GIVEN RECORDS
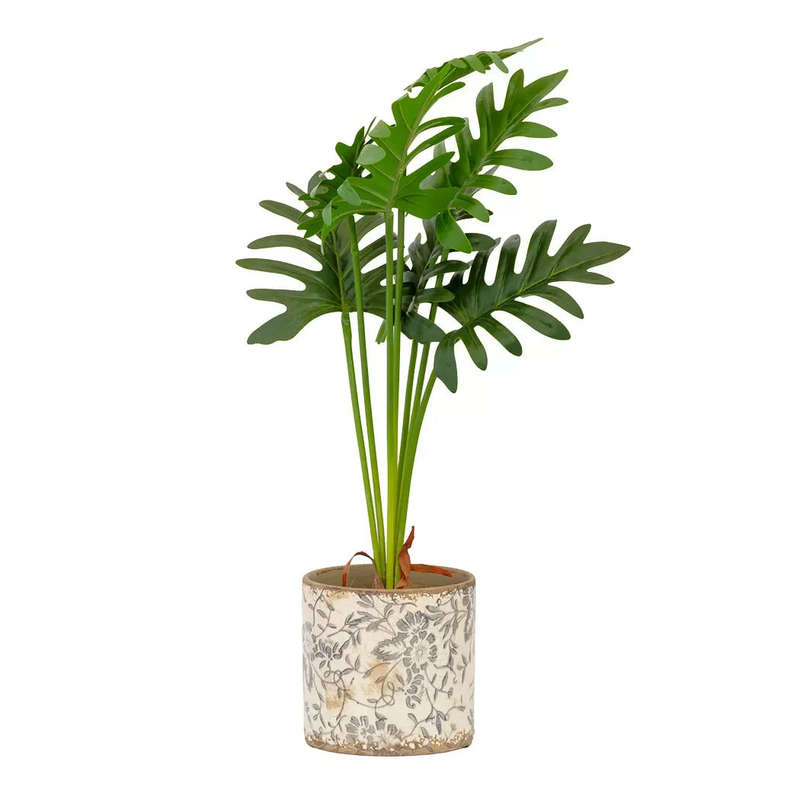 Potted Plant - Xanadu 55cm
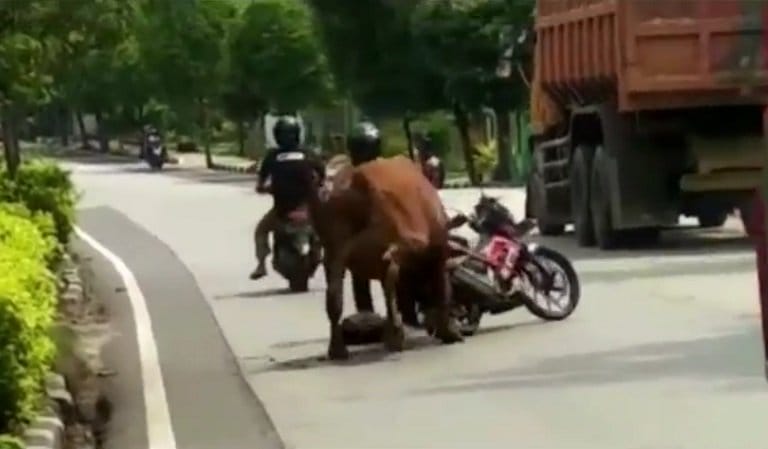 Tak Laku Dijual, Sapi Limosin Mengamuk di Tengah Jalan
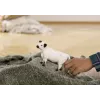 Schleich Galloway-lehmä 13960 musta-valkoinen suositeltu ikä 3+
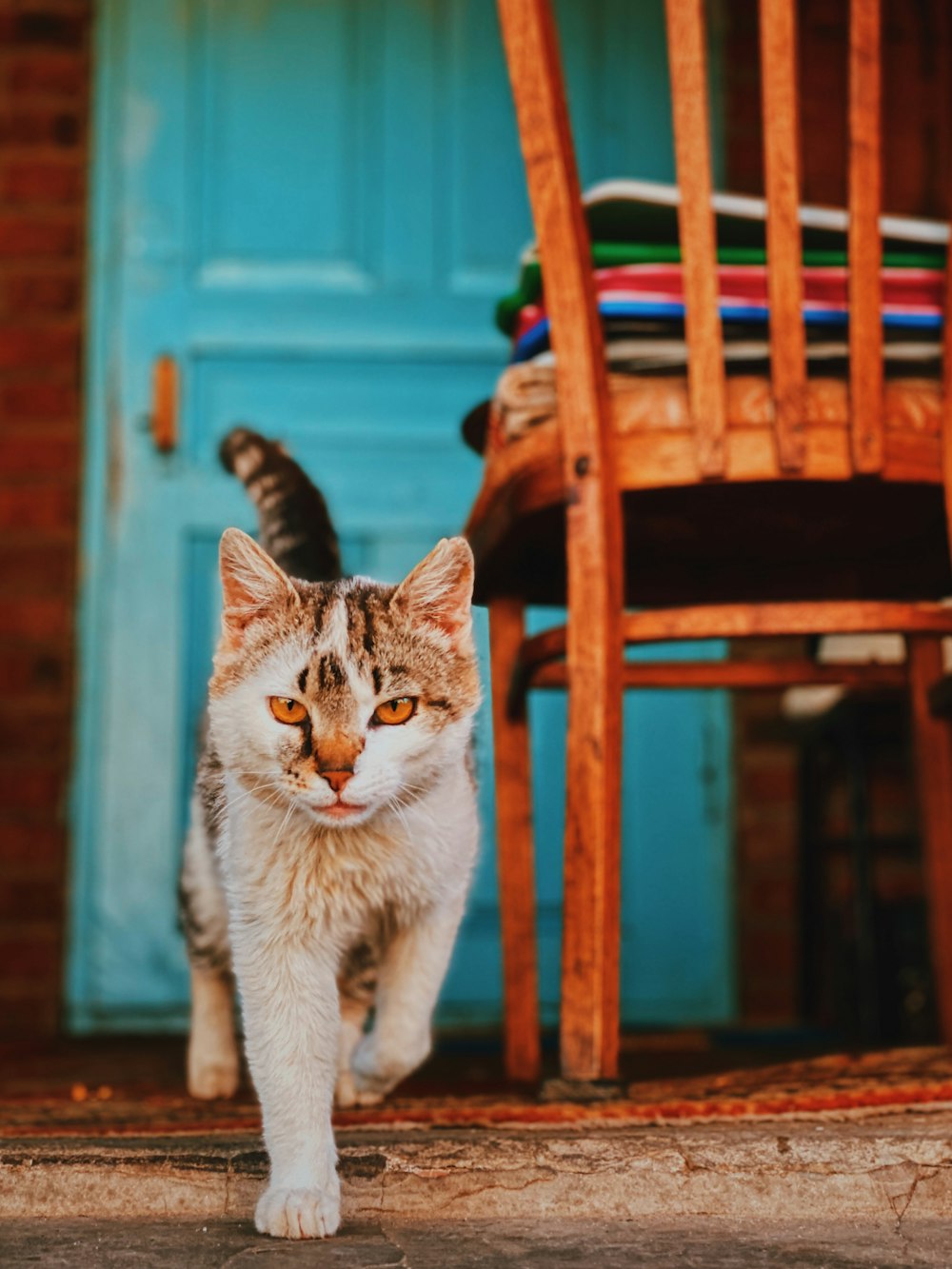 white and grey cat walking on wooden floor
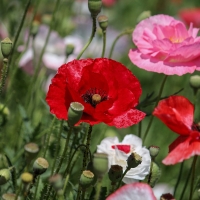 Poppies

TASK
Where a record holds a picture, skip the picture and copy everything else exactly.

YOUR RESPONSE
 Potted Plant - Xanadu 55cm
 Tak Laku Dijual, Sapi Limosin Mengamuk di Tengah Jalan
 Schleich Galloway-lehmä 13960 musta-valkoinen suositeltu ikä 3+
 white and grey cat walking on wooden floor
 Poppies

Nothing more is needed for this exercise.